+++ Data excerpt +++

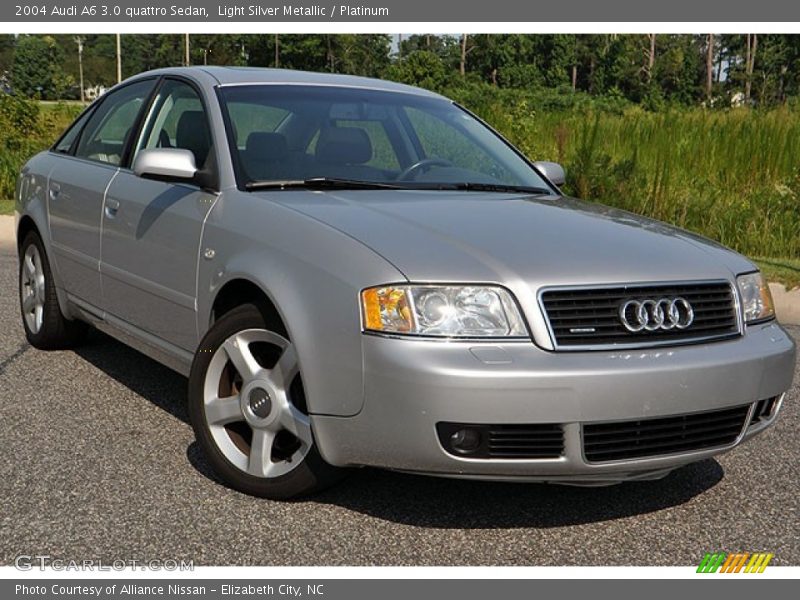 Front 3/4 View of 2004 A6 3.0 quattro Sedan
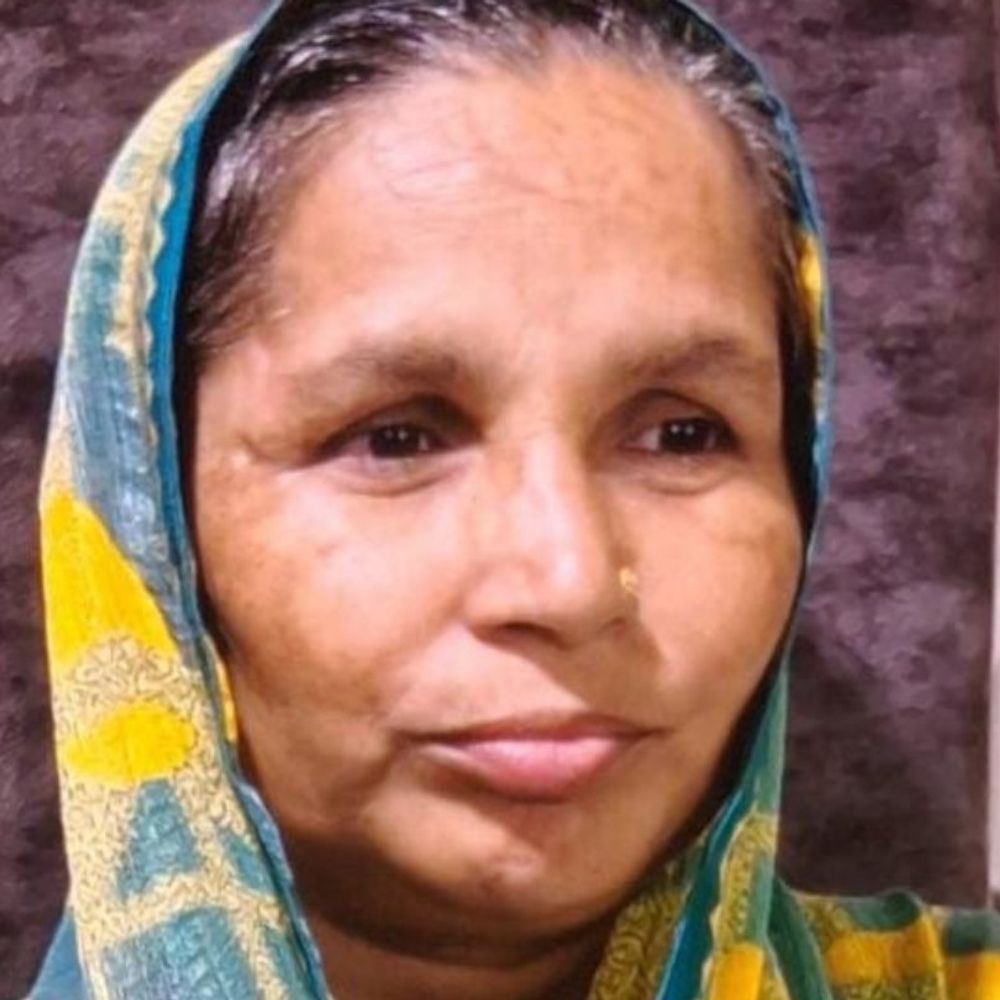 संतकबीरनगर में महिला चपरासी की सड़क हादसे में मौत:मुखलिसपुर चौराहे के पास बाइक ने मारी टक्कर, इलाज तोड़ा दम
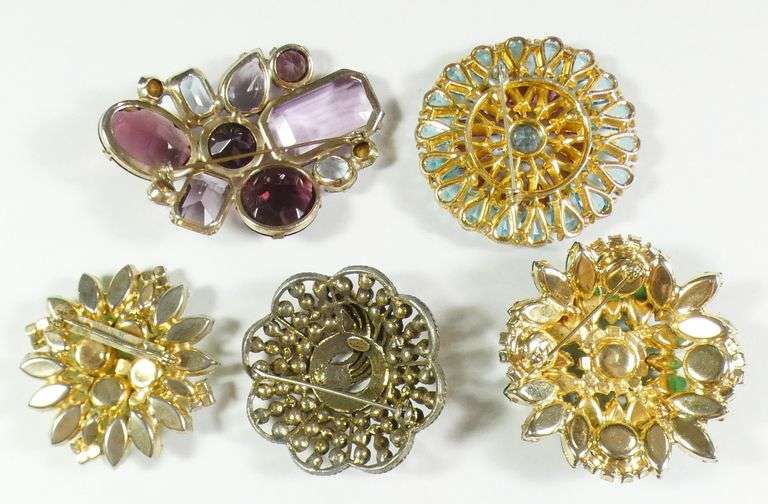 5 LARGE FASHION BROOCHES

+++

» Your goal: Please print the material exactly as given above, omitting the pictures.

» Exercise answer:
 Front 3/4 View of 2004 A6 3.0 quattro Sedan
 संतकबीरनगर में महिला चपरासी की सड़क हादसे में मौत:मुखलिसपुर चौराहे के पास बाइक ने मारी टक्कर, इलाज तोड़ा दम
 5 LARGE FASHION BROOCHES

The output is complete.